Copper see-saws as it strives to hold gains amid oil slip
"Copper made a strong showing after Tuesday's (London) session though some profit-taking was inevitable," said a trader in Sydney.
Three-month copper on the London Metal Exchange was 0.36 percent lower at \\$5,669.50 at 0748 GMT. The contract jumped more than 3 percent in Tuesday's London session on the back of higher oil prices, the biggest one-day percentage gain since May 2013.
The benchmark contract initially traded lower in Asia, which traders said was a reaction to the early retreat in oil prices, before rallying for short period.
U.S. crude tracked lower throughout the day and was down 83 cents at \\$52.22 a barrel at 0700 GMT versus an about 19 percent gain over the previous four sessions.

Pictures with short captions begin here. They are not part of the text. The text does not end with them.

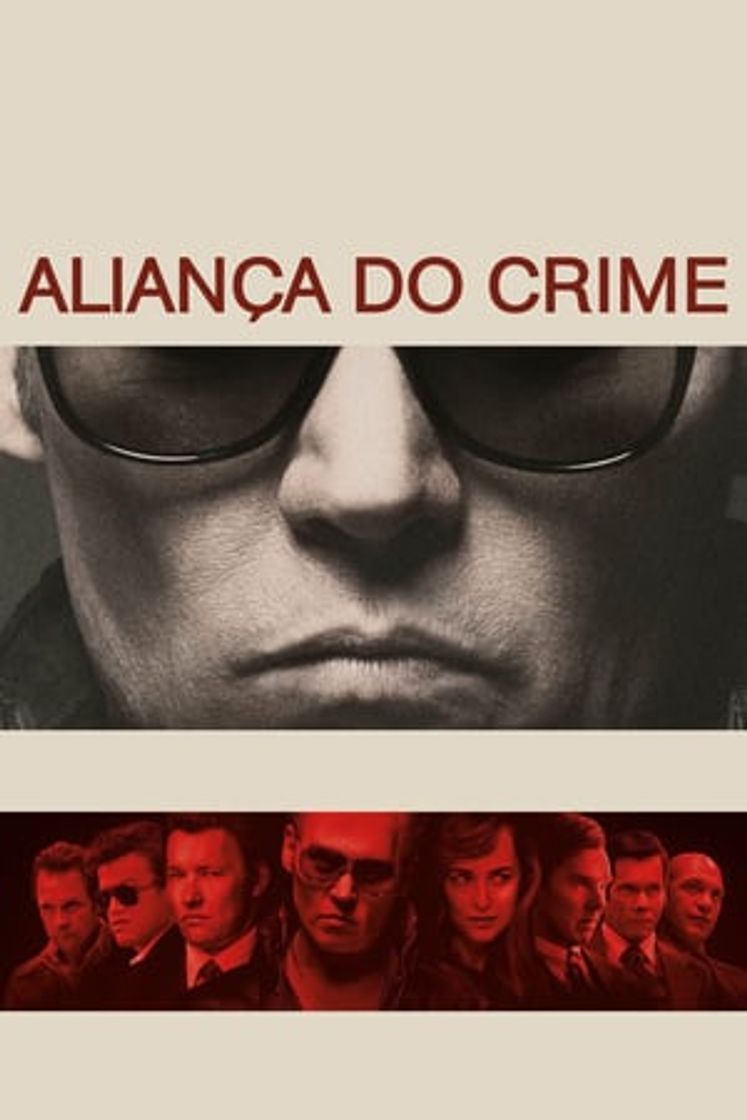 Movie Black Mass: Estrictamente criminal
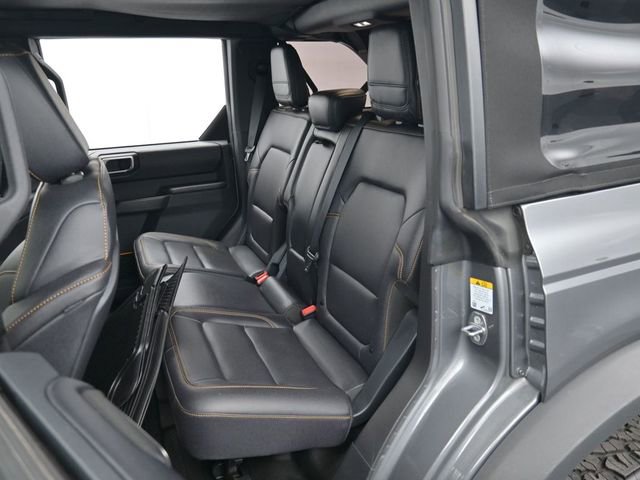 Certified 2024 Ford Bronco Badlands AWD/4WD image 28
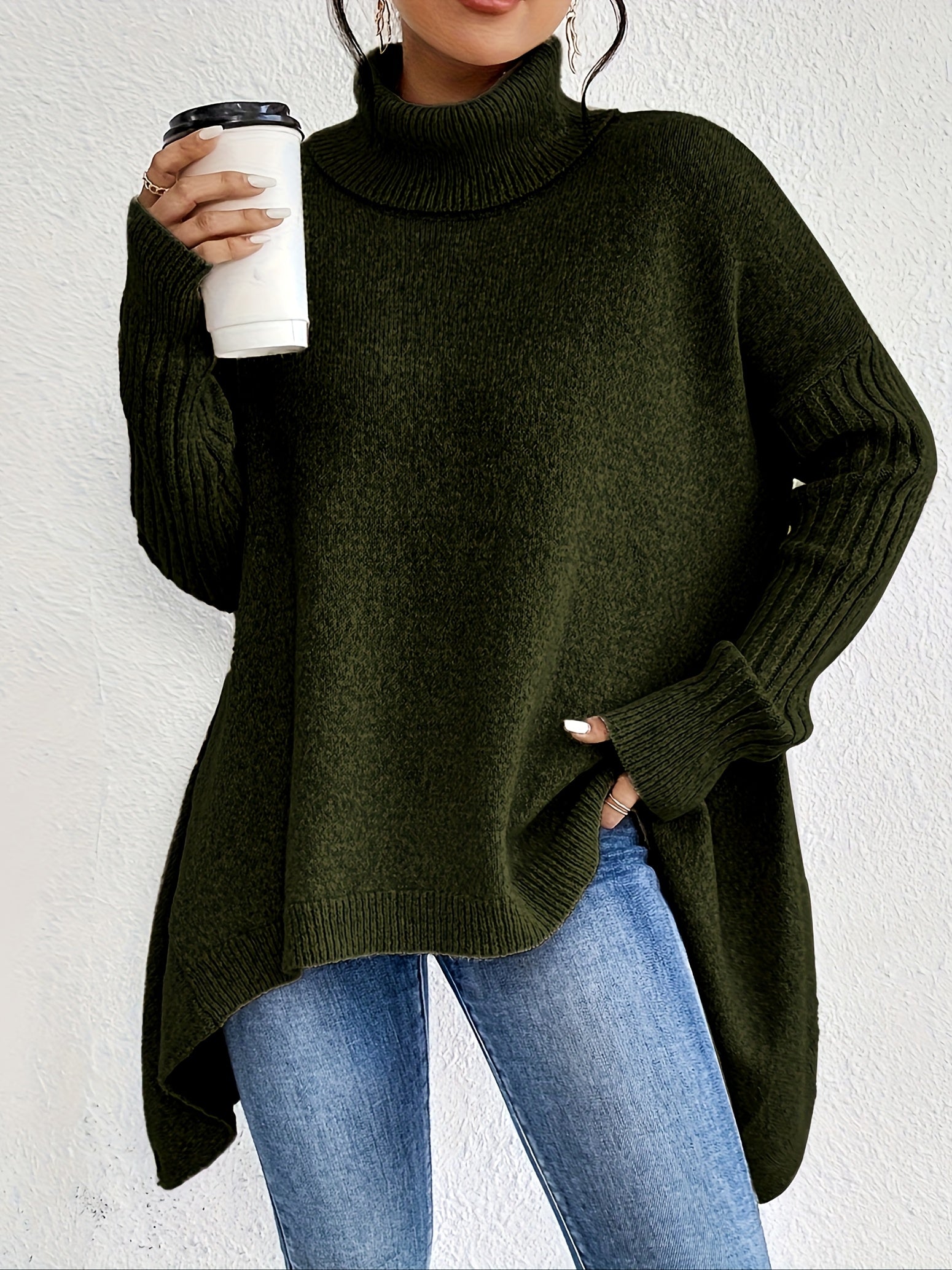 Audrey | Cosy Sweater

"Oil at the start took some wind out of copper's sails before the momentum driven by short-covering (in copper) overnight kicked in," the trader said.
The early February rally in copper reverses a slump in January, when prices dropped almost 13 percent, reflecting in part broad-based index selling led by oil.
Still, copper prices remain vulnerable to signs of rising supplies. LME stocks have risen by more than a third this year.
The most traded copper contract on the Shanghai Futures Exchange settled 1.8 percent higher at 41,160 yuan (\\$6,589) a tonne, helped by prospects of fresh economic stimulus in China.
China's service sector grew at the slowest pace in six months in January as growth in new business weakened, a private survey showed, raising expectations that policymakers may unveil more stimulus steps to avert a sharper slowdown in the world's second-largest economy.